Captioned web image data:
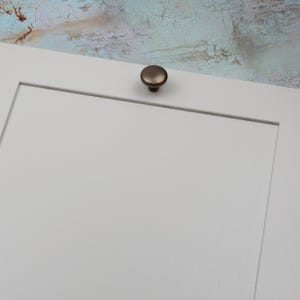 Peut inclure: Gros plan sur une porte d'armoire blanche avec un bouton de couleur bronze. Le bouton est rond et l&eacute;g&egrave;rement bomb&eacute;. L'arri&egrave;re-plan est une surface textur&eacute;e et multicolore.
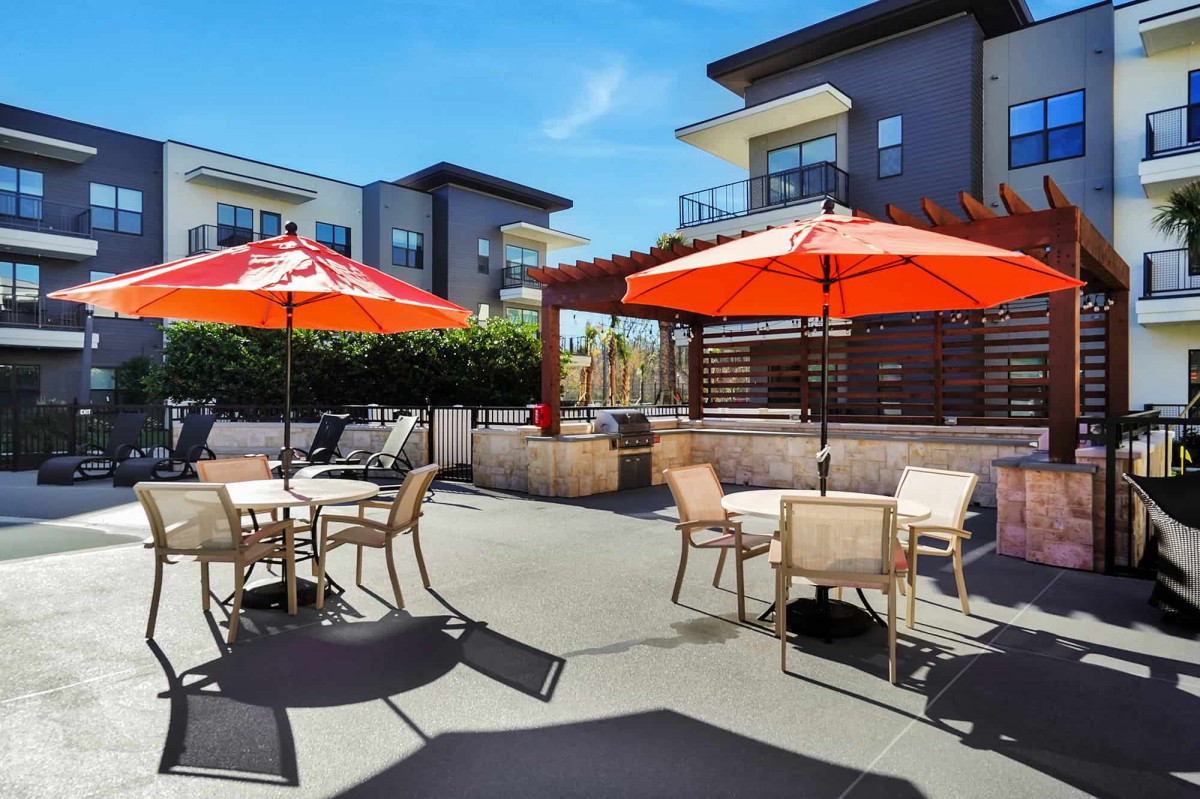 A modern outdoor patio area with tables, chairs, and orange umbrellas under a clear blue sky.
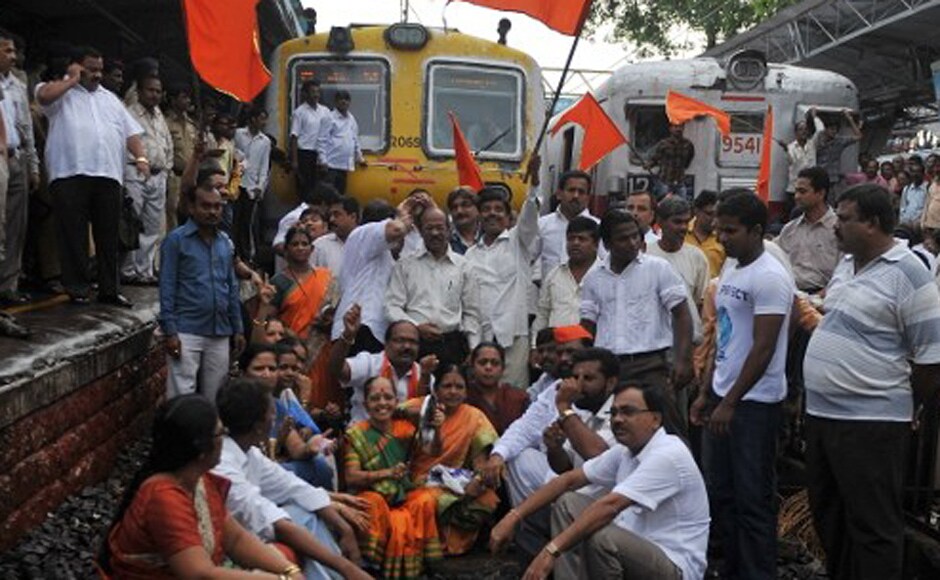 Shiv Sena party workers shout slogans as they stop local trains during a nationwide strike in protest of fuel price hikes in Mumbai on 5 July, 2010. The strike was called by the main opposition Bharatiya Janata Party (BJP) and leftist parties in a concerted show of strength against the Congress-led government's reform programme. AFP Shiv Sena party workers shout slogans as they stop local trains during a nationwide strike in protest of fuel price hikes in Mumbai on 5 July, 2010. The strike was called by the main opposition Bharatiya Janata Party (BJP) and leftist parties in a concerted show of strength against the Congress-led government's reform programme. AFP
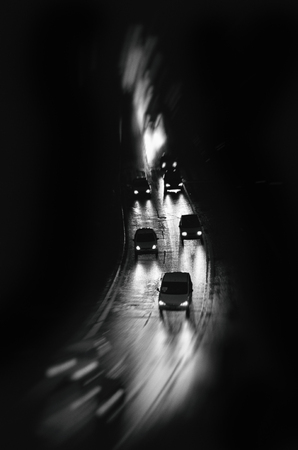Cars driving in the rain, black and white, night photography, urbanの写真素材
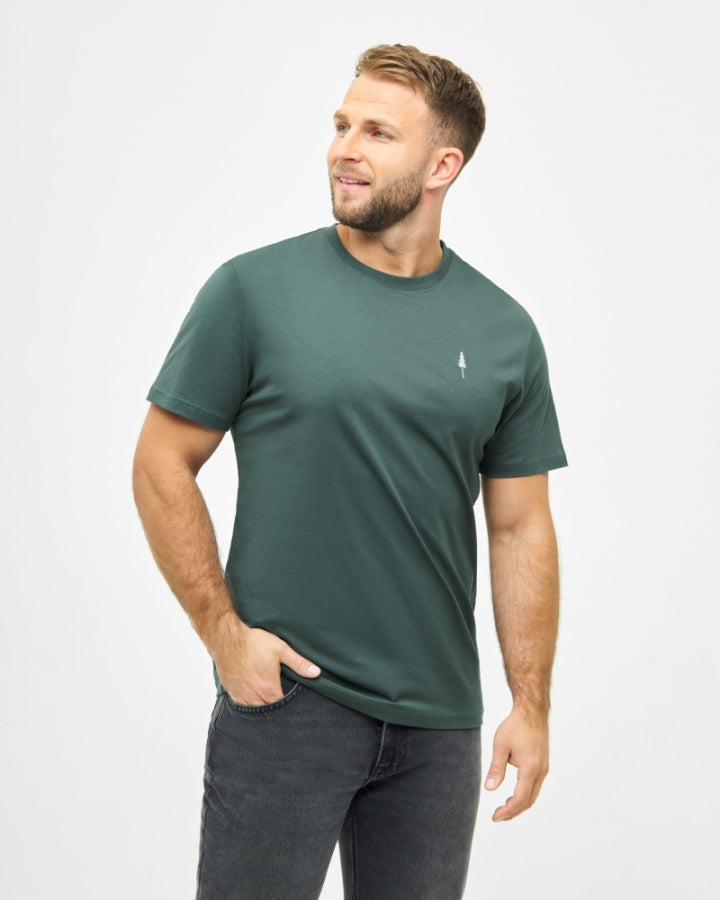 NIKIN TreeShirt Herren T-Shirt, grün, aus Bio-Baumwolle, mit Rundhalsausschnitt, kombiniert mit dunkler Jeans.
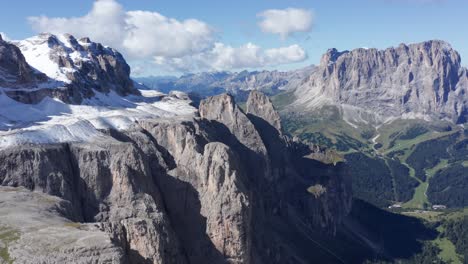 Aerial-panoramic-shot-of-Sella-Group-with-Sassolungo-range-on-a-sunny-day-with-clouds-and-snow-in-Italy,-Dolomites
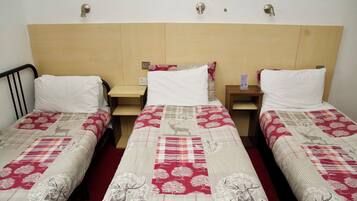 A hotel room with three single beds, each with a red and white patterned bedspread. There are wooden headboards and nightstands between the beds.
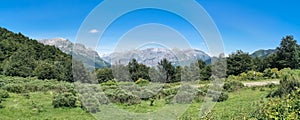 Panoramic view at the Picos de Europa, or Peaks of Europe, a mountain range extending for about 20 km, forming part of the photo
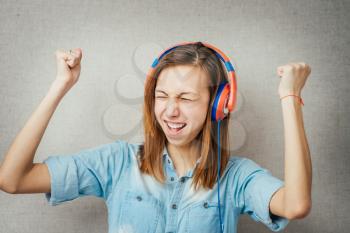 woman listening gesture muzykuv headphones. isolated on gray background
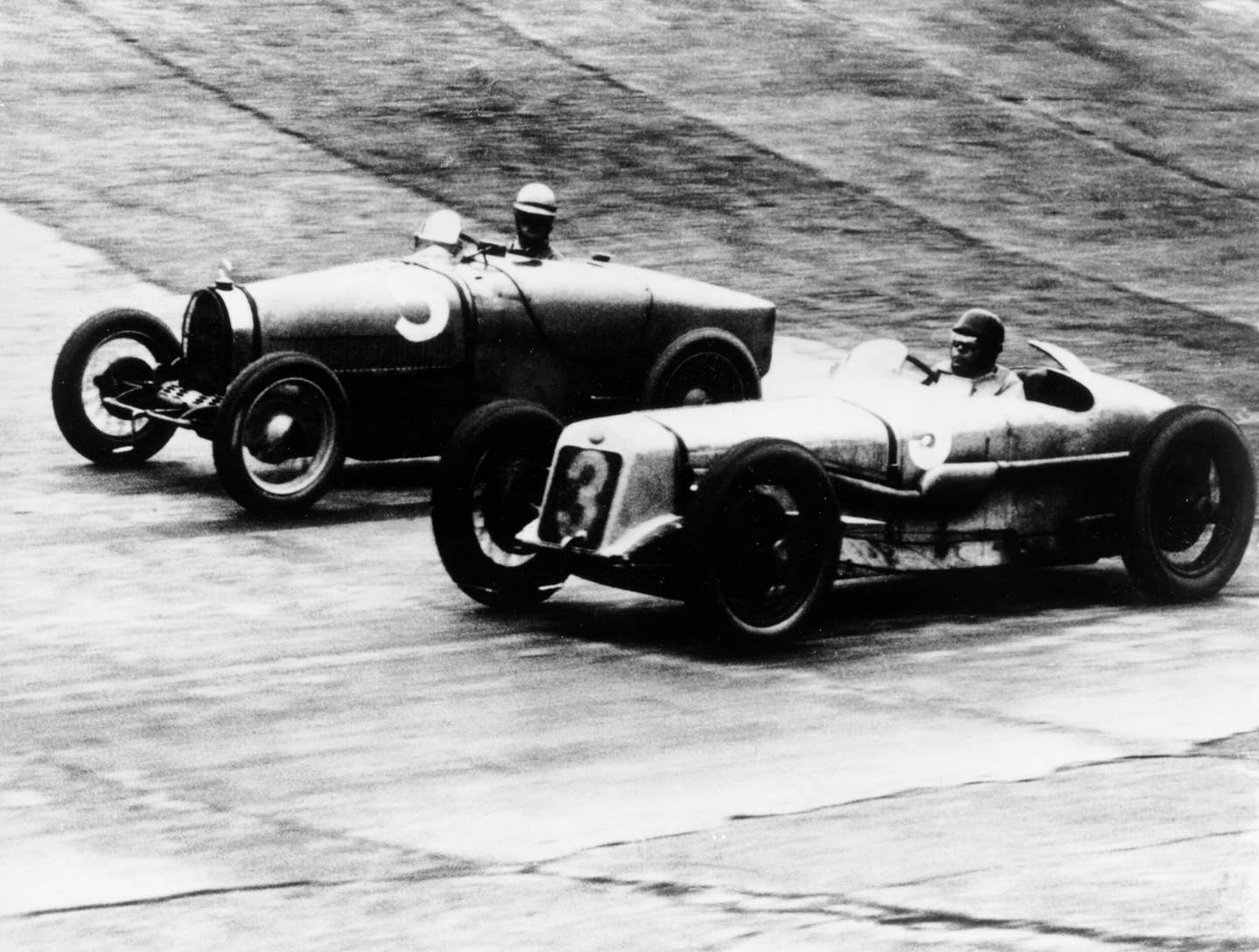A Delage and a Bugatti race at the British Grand Prix, 1927. Getty Images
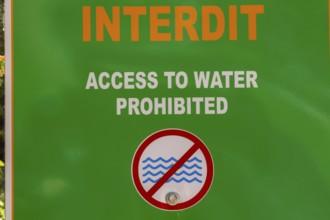 Posted bilingual French and English language warning Access to Water Prohibited in white and orange
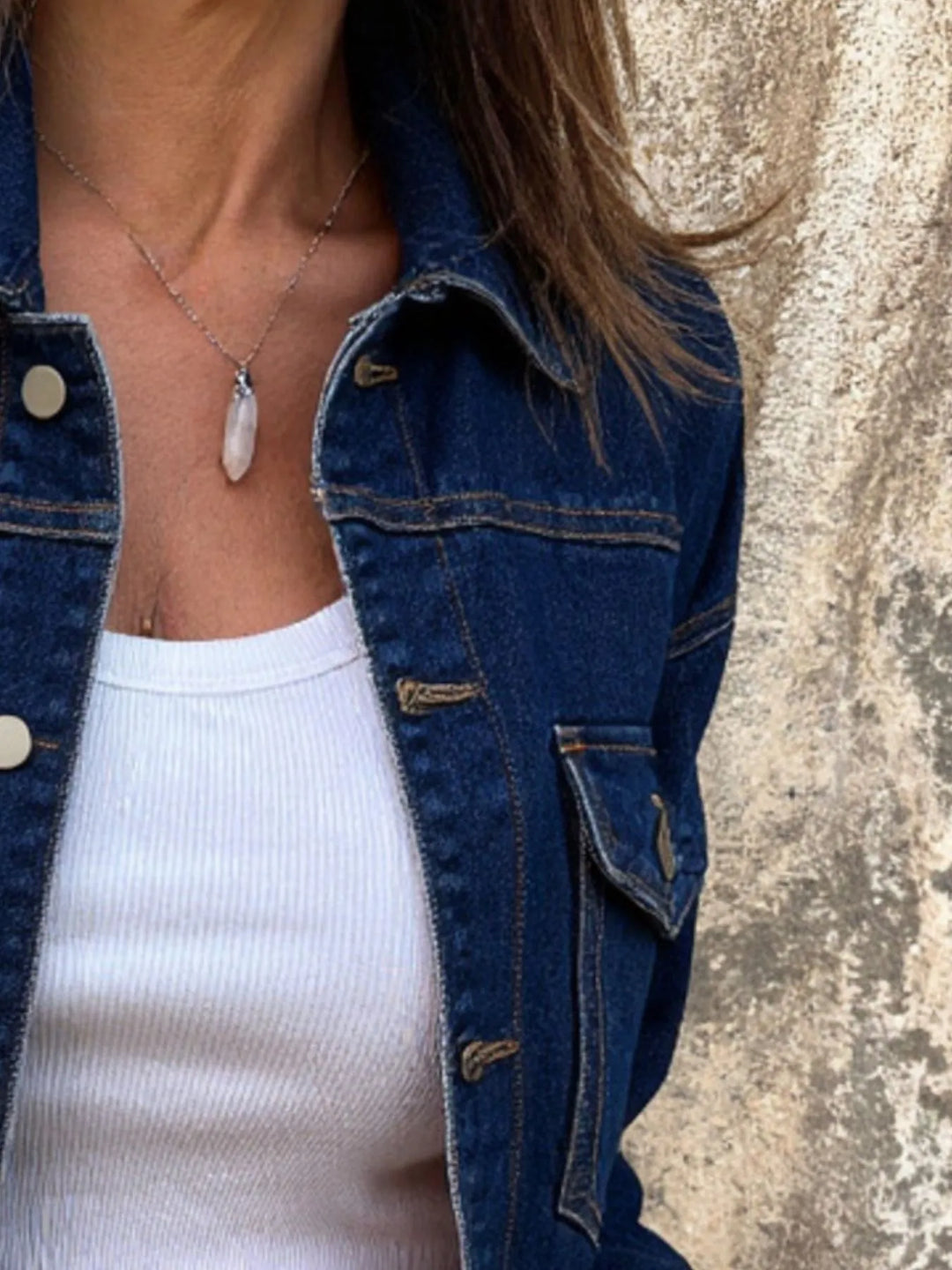 Classic button-up denim jacket with chest flap pockets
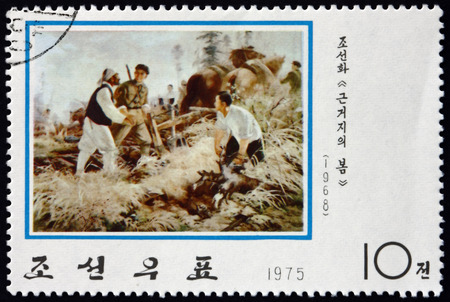 NORTH KOREA - CIRCA 1975: a stamp printed in North Korea shows The Guerrilla Base in Spring (1968), Korean Painting, circa 1975のeditorial素材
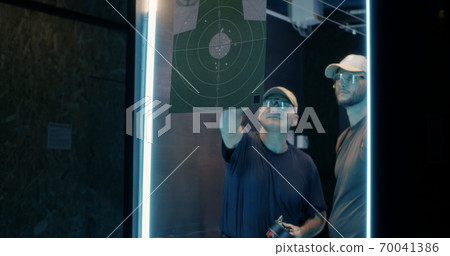 Male shooters examining target together 70041386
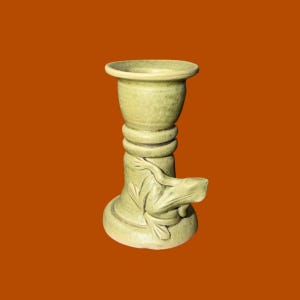 May include: A pale green ceramic candle holder featuring a sculpted frog relief on the base. The cylindrical stand has a flared top rim and a wide, stable circular foot, with a smooth, matte finish and visible surface texture throughout the piece.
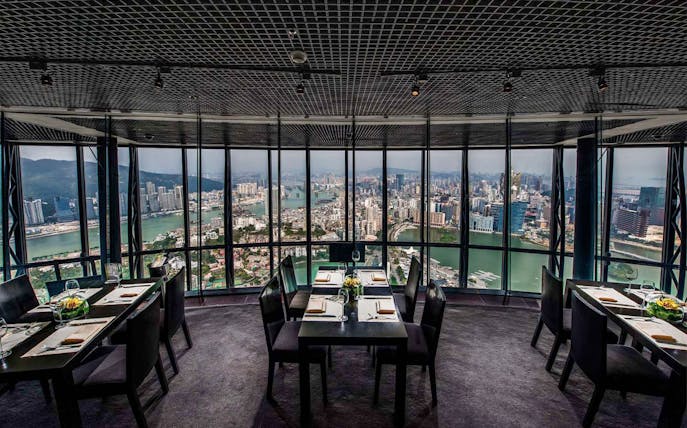 Dining tables with city view at 360 Cafe, Macau Tower.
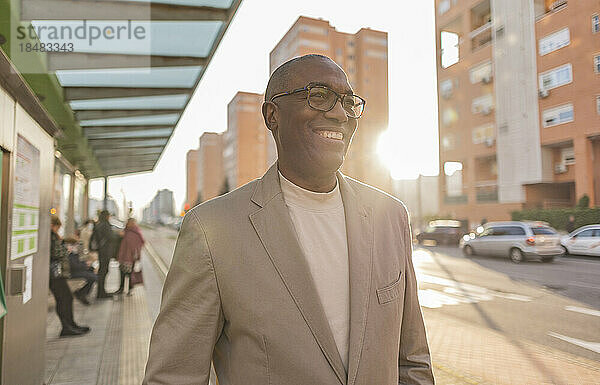 Glücklicher Geschäftsmann mit Brille an der Straßenbahnhaltestelle in der Stadt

• **Brief**: Of the entries above, print exactly those lines that run from the one containing "Classic button-up denim" through the last line, excluding any pictures.

• **Exercise output**:
 Classic button-up denim jacket with chest flap pockets
 NORTH KOREA - CIRCA 1975: a stamp printed in North Korea shows The Guerrilla Base in Spring (1968), Korean Painting, circa 1975のeditorial素材
 Male shooters examining target together 70041386
 May include: A pale green ceramic candle holder featuring a sculpted frog relief on the base. The cylindrical stand has a flared top rim and a wide, stable circular foot, with a smooth, matte finish and visible surface texture throughout the piece.
 Dining tables with city view at 360 Cafe, Macau Tower.
 Glücklicher Geschäftsmann mit Brille an der Straßenbahnhaltestelle in der Stadt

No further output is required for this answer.